[Data to process]
────────────────

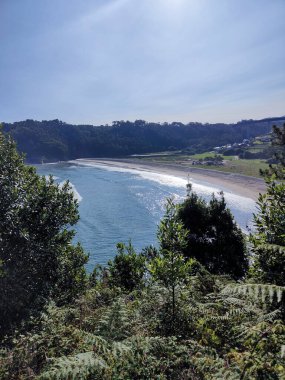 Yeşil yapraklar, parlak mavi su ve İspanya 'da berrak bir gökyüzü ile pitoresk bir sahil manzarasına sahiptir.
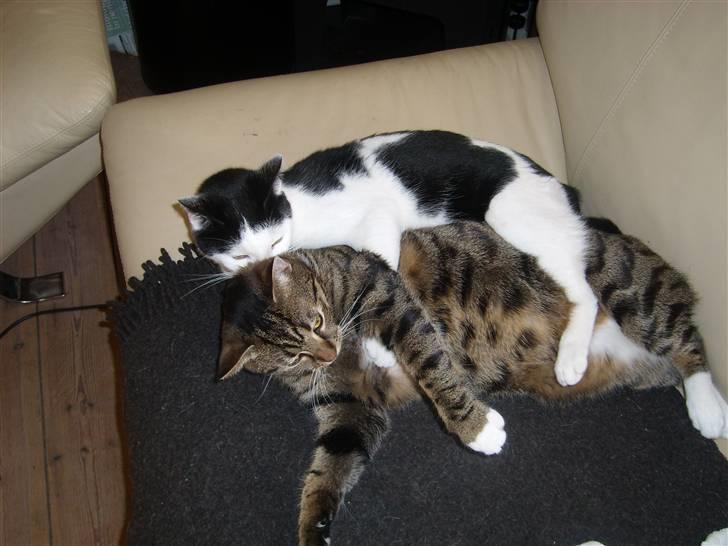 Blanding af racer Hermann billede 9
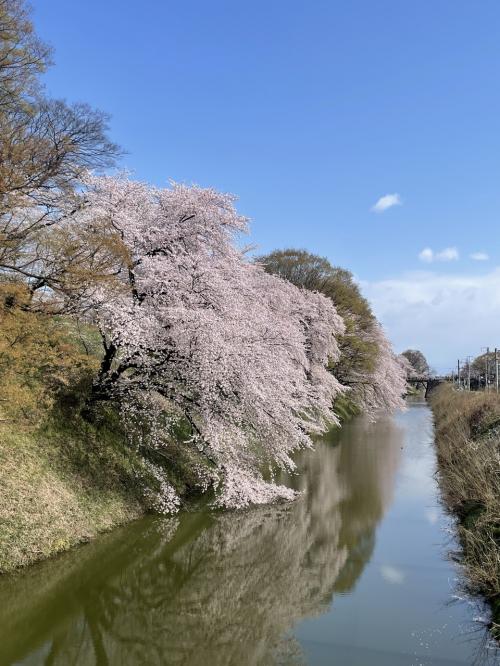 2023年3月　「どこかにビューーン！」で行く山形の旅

────────────────

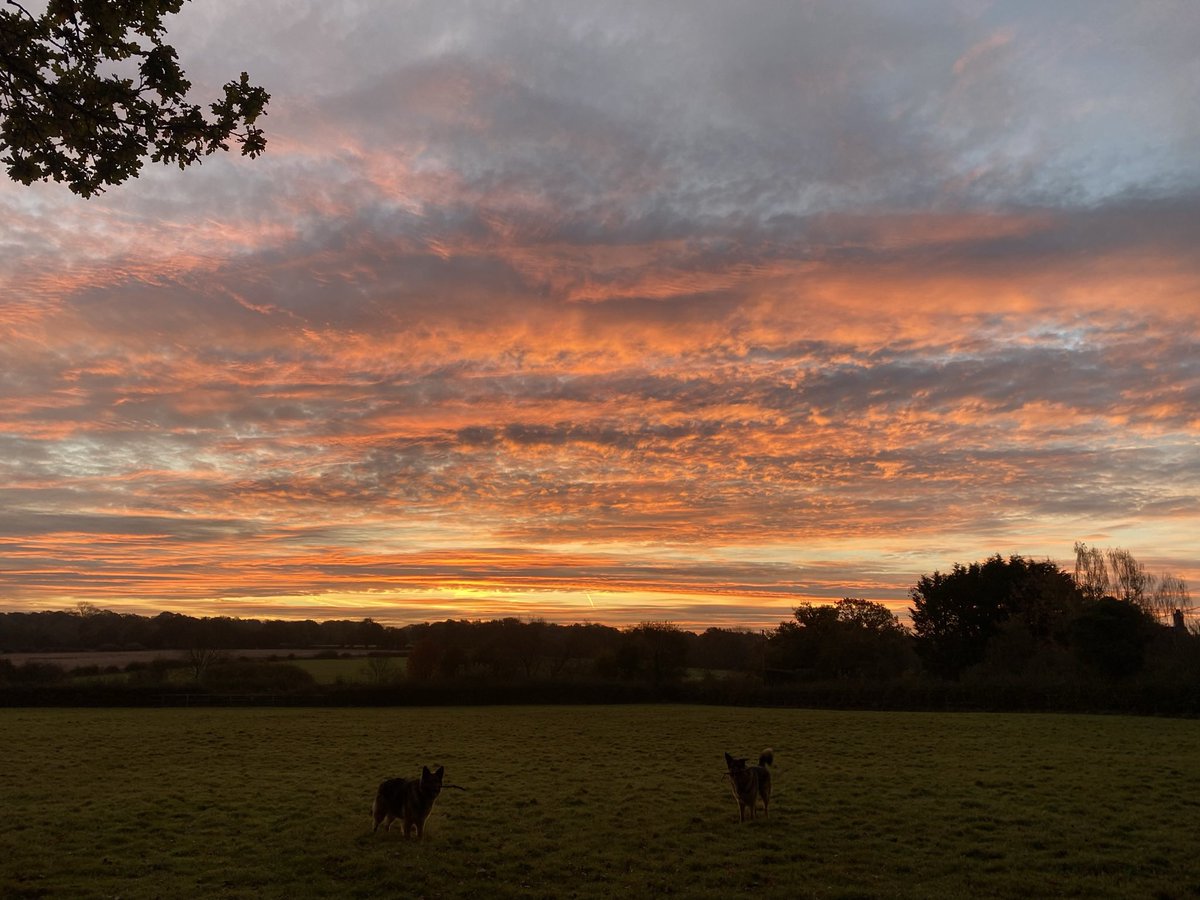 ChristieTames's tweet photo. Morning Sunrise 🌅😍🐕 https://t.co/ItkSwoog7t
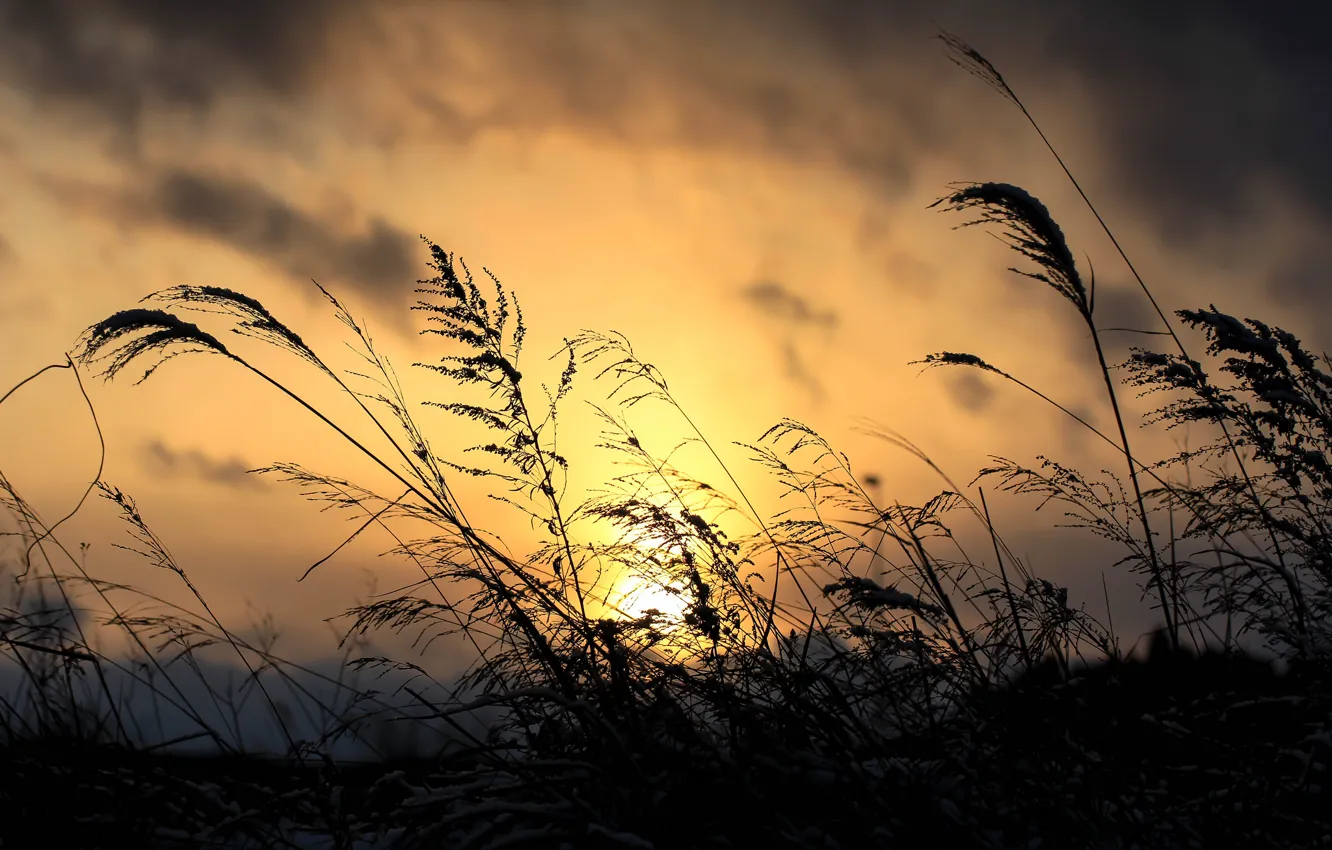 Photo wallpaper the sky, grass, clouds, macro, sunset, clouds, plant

────────────────

Would you copy out, exactly and with no pictures, only the lines above from the one that contains "Blanding af racer Hermann billede 9" through the one that contains "2023年3月　「どこかにビューーン！」で行く山形の旅"?

[Written solution]
 Blanding af racer Hermann billede 9
 2023年3月　「どこかにビューーン！」で行く山形の旅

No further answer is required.